После оргазма, который сотрясал ее тело, как малень­кий эпилептический припадок, но ничего не менял в не­подвижной апатии лица, Чечилия в изнеможении рас­пластывалась подо мной: одна рука закинута за голову, другая вытянута вдоль тела, лицо склонилось к плечу, ноги еще раздвинуты, как были они в момент соития. Потом, сразу же после того, как я от нее отрывался, Че­чилия мне улыбалась, очень коротко, и это был самый лучший миг нашей любви. Улыбка, очень нежная — ка­залось, к ней прилила вся нежность утоленного жела­ния, — нисколько не противоречила двусмысленной ин­фантильности, о которой я уже говорил: даже улыбаясь мне, Чечилия на меня не глядела и меня не видела; так что, может быть, и улыбалась она не столько мне, сколь­ко себе — благодаря скорее себя за то, что испытала на­слаждение, чем меня, давшего ей возможность его испы­тать. Эта улыбка, безличная и мимолетная, была послед­ней фазой нашего соития, то есть общения и почти что слияния наших двух тел. Сразу же после — нас снова становилось двое, один лежал подле другого, и нужно было разговаривать.

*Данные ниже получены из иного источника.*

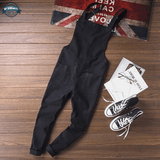 Black Zip Front Bib Overalls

И как раз в эту минуту я замечал, как сексуальный аппетит Чечилии, который, хотя и не относился ко мне впрямую, но все же пользовался мною для своего утоле­ния, переходил у нее в безразличие. Говоря «безразли­чие», я не имею в виду холодности или отчуждения. Нет, безразличие ко мне Чечилии сразу после акта любви было просто полным отсутствием какого-либо отношения, то есть очень походило на то, что заставляло меня так стра­дать и что я называл скукой; только Чечилия в отличие от меня не только от этого не страдала, но, казалось, вообще этого не замечала. Она словно так и родилась отчужден­ной от окружающего, в то время как мне подобное от­чуждение казалось совершенно непереносимым иска­жением исходно заданной ситуации: одним словом, то, что я ощущал как нечто болезненное, для нее было здо­ровым и нормальным.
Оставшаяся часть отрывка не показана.